▸ ASSIGNED TASK: From the line containing "2025年最新】kozaburo wranglerの人気アイテム - メルカリ" to the final line of the entries, every line is to be reproduced exactly; no other line belongs in the output.

▸ Data records:
▶
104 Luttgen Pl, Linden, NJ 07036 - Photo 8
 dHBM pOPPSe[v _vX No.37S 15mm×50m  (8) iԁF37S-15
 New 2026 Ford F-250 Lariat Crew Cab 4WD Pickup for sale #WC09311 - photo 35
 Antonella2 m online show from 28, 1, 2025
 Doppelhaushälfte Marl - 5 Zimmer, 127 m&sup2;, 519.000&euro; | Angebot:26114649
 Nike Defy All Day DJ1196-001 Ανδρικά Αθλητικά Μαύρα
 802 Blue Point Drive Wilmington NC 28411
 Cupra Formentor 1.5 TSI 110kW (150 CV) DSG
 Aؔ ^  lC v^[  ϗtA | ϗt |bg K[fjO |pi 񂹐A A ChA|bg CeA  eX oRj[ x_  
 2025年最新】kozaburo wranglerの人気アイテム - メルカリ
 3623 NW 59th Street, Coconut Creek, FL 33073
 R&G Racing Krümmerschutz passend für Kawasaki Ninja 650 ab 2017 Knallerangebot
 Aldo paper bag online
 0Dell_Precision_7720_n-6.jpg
◀
▸ WORKED SOLUTION:
 2025年最新】kozaburo wranglerの人気アイテム - メルカリ
 3623 NW 59th Street, Coconut Creek, FL 33073
 R&G Racing Krümmerschutz passend für Kawasaki Ninja 650 ab 2017 Knallerangebot
 Aldo paper bag online
 0Dell_Precision_7720_n-6.jpg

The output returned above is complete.